Walter Sittler: Tucholsky sagt: Wenn du eine Pistole auf der Brust hast, überleg mal, ob du dich noch traust. Das tun sich nicht viele. Das sagt Kästner auch. Aber wenn jemand aktiv war, ist das etwas anderes. Mit solchen Leuten kann man nichts anfangen. Die unter der Oberaufsicht von Rechtsradikalen im Gleichschritt marschieren, direkt auf den Abgrund zu – die wollen wir nicht. Man muss eine klare Haltung beziehen. Anschreiben gegen das, was einem nicht gefällt. Und sagen, warum es einem nicht gefällt. Das ist das, was die Rechtsradikalen nicht können. Die können nur draufhauen. Was wollen die eigentlich? Das frage ich mich wirklich. Sie wollen recht haben und sie wollen bestimmen. Aber was? Und warum? Und worüber? Und wohin soll’s gehen? Hauptsache ich bin oben? Das ist mir zu wenig.

akzent: Was genießen Sie an Ihrem Beruf am meisten?
Walter Sittler:
Die Texte und das Publikum. Es gibt Texte, die so facettenreich sind, dass ich sie jeden Abend neu entdecke. Warum denkt jemand so? Und wie ist das?
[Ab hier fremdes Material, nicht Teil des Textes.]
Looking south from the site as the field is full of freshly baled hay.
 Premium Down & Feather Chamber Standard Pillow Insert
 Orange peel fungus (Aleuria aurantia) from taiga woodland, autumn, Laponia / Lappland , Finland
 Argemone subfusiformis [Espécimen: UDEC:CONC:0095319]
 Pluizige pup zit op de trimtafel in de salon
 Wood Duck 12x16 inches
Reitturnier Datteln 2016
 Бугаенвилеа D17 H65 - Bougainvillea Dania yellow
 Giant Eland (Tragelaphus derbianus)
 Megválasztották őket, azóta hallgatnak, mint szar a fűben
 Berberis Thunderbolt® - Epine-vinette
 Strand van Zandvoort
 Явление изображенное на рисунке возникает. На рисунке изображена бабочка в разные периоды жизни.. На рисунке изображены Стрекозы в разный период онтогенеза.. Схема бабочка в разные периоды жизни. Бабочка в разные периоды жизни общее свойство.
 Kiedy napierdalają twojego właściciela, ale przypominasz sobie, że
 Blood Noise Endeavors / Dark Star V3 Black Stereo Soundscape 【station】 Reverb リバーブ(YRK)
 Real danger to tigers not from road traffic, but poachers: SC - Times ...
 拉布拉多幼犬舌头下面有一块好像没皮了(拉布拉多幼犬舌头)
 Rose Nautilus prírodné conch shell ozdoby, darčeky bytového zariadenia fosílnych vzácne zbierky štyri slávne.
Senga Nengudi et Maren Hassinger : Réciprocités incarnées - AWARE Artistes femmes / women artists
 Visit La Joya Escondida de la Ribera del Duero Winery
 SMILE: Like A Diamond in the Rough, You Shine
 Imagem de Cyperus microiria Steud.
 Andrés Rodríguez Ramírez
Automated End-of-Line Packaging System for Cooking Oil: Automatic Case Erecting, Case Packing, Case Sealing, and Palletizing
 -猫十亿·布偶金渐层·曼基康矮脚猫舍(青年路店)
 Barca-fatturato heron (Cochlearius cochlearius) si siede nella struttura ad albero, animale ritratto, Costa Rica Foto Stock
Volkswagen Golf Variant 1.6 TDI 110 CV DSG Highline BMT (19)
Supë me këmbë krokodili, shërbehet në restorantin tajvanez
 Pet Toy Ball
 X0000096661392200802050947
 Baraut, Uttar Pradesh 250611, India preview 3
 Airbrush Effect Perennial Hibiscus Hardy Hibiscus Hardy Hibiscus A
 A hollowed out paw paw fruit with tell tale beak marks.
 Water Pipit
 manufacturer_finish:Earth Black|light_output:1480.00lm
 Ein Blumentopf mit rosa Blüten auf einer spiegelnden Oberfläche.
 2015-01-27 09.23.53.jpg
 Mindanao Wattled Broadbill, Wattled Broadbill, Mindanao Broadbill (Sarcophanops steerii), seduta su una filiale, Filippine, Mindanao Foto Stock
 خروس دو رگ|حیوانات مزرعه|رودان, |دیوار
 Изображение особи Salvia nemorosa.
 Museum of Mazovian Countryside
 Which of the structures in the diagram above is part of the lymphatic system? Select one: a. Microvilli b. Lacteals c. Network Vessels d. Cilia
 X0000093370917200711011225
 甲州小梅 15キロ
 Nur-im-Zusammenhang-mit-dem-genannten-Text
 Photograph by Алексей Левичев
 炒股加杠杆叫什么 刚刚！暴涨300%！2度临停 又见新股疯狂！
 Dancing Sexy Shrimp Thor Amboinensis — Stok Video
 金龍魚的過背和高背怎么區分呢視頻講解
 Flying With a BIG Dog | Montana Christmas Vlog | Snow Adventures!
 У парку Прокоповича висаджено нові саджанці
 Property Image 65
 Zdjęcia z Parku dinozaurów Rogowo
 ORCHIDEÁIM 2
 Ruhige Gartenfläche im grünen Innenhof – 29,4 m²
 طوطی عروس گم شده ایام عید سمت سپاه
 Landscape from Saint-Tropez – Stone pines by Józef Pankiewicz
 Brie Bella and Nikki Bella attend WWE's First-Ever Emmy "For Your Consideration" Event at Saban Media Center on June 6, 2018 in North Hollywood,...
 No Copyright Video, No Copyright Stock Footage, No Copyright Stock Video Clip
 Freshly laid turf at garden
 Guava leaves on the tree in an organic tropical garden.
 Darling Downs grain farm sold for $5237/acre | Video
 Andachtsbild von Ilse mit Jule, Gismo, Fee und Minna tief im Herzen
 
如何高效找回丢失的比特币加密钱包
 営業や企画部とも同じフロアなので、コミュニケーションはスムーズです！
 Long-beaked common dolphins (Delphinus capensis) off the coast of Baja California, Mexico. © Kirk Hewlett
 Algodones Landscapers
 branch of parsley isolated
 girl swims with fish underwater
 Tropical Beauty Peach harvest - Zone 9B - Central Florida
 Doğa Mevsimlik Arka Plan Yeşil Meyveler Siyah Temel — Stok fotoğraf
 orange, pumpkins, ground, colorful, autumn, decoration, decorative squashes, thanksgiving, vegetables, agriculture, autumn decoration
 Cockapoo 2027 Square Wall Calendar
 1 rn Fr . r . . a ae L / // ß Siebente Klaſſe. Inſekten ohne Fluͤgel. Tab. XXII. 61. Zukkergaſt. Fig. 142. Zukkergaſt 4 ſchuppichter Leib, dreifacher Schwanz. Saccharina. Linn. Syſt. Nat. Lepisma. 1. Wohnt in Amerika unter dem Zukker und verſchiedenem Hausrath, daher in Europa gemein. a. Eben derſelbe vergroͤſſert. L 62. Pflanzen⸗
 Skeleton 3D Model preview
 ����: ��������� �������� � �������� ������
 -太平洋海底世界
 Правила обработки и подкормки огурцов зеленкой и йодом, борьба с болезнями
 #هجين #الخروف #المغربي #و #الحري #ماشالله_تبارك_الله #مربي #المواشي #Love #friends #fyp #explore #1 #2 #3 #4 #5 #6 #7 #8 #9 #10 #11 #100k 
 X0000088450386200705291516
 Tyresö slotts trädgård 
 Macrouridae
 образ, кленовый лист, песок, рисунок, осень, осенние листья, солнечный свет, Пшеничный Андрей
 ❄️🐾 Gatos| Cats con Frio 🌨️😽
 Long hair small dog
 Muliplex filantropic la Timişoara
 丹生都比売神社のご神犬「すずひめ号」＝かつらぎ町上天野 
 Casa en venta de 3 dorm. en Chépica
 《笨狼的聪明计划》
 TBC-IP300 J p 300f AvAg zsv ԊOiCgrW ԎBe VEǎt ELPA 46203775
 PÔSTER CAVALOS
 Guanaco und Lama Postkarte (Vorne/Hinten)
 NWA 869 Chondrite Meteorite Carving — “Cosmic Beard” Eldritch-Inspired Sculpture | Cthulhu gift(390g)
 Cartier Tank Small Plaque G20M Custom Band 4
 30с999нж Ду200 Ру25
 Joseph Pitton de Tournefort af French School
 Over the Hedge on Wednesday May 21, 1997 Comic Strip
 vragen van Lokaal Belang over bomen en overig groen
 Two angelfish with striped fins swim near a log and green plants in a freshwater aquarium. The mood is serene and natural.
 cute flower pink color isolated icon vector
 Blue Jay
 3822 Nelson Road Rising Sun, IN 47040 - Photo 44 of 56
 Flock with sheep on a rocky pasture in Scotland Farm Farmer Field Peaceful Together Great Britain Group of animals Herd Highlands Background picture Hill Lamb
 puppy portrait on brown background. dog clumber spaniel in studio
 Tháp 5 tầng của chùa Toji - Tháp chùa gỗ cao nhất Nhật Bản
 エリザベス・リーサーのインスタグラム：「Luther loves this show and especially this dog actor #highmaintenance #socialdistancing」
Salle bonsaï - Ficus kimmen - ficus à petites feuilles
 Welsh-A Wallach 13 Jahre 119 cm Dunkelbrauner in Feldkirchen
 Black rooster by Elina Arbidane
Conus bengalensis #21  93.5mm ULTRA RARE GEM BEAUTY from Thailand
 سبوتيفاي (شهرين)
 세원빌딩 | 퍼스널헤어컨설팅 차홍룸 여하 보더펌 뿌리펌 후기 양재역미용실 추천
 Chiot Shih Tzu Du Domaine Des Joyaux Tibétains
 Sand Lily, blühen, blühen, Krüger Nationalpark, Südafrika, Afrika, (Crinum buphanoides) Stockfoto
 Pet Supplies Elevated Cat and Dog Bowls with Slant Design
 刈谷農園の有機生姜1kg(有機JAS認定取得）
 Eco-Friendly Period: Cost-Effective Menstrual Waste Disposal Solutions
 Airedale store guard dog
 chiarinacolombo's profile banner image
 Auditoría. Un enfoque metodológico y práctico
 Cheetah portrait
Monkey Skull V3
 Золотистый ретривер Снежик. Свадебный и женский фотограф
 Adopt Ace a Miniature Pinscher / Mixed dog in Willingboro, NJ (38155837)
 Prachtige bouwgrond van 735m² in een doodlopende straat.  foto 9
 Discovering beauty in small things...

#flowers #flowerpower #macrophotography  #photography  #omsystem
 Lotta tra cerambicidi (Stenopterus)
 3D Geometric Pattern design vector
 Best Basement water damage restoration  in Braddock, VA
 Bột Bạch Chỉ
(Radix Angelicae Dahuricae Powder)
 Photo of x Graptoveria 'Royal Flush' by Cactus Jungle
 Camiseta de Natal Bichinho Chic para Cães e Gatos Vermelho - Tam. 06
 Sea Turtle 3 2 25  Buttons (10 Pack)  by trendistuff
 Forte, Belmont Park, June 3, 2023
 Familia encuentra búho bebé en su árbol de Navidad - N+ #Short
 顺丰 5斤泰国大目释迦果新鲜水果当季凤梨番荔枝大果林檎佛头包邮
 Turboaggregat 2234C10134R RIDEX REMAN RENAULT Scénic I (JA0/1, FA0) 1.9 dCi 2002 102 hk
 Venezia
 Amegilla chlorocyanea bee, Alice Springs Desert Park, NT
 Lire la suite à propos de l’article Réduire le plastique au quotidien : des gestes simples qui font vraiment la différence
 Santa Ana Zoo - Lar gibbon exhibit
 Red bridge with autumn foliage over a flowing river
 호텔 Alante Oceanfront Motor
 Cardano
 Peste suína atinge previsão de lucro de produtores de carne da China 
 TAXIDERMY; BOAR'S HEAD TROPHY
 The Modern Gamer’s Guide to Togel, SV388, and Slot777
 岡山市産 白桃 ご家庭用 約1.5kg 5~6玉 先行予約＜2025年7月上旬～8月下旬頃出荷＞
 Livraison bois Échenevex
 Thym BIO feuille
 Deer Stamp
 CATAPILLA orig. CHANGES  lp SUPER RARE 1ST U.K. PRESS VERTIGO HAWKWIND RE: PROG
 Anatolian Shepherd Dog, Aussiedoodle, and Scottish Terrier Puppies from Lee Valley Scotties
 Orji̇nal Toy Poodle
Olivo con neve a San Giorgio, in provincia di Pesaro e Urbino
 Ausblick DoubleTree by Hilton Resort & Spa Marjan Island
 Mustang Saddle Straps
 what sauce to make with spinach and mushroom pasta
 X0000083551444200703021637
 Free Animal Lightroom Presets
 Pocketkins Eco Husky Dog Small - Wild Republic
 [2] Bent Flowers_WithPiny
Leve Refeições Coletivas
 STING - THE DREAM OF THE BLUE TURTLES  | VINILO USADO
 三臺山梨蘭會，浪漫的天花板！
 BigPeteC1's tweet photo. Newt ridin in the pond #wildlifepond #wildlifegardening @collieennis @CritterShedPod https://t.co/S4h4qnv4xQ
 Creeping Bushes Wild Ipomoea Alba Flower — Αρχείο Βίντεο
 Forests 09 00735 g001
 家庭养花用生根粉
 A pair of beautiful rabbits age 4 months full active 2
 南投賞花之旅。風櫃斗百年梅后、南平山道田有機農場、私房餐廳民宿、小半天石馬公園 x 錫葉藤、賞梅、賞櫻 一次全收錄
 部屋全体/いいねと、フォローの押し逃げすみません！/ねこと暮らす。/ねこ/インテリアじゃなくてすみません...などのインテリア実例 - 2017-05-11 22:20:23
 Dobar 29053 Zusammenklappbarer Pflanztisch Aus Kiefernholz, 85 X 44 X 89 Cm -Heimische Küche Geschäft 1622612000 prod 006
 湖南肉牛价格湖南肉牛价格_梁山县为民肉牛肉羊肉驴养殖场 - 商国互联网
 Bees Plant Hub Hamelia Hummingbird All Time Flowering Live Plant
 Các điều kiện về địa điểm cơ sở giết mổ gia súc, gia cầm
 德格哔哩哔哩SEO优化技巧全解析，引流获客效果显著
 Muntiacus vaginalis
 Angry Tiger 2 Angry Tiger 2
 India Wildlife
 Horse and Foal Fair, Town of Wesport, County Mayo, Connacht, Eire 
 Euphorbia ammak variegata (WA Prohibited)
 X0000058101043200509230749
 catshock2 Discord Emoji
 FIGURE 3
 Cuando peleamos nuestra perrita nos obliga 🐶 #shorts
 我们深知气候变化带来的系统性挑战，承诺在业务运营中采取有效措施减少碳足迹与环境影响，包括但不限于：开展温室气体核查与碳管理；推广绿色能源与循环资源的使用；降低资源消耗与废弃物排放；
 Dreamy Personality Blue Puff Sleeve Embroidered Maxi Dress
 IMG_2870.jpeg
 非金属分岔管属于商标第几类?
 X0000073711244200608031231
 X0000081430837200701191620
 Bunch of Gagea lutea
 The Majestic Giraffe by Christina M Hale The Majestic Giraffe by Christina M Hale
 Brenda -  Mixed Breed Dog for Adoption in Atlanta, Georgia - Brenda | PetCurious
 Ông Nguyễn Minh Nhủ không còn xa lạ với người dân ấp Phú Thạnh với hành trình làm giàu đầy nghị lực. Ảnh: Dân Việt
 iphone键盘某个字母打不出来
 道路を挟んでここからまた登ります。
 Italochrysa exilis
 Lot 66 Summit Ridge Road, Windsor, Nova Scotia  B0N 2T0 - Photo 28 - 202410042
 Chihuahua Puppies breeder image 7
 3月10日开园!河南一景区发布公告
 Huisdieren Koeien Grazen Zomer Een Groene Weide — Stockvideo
Das Leben ändert sich, die Gesellschaft ändert sich, die Regeln weichen auf. Und es kommen immer neue Autor*innen nach. Von zehn neuen Stücken sind fünf Unsinn, zwei richtig gut und der Rest so lala. Aber auch den Faust kann man auf 37 Arten spielen. Je nach Zeit und Ort kann ich gucken: Was ist da für mich drin? Mit den richtigen Texten kann ich förmlich spüren, wie die Fantasie der Zuschauer losgeht. Es geht nicht darum, sie zu beeindrucken oder zu überwältigen. Es geht auch nicht um uns auf der Bühne: Wir können einiges, aber wir sind alle nicht so großartig. Es geht darum, die Zuschauer auf eine Weise zu bereichern, die sie selbst vielleicht nicht beschreiben können. Man verführt sie zu sich selbst.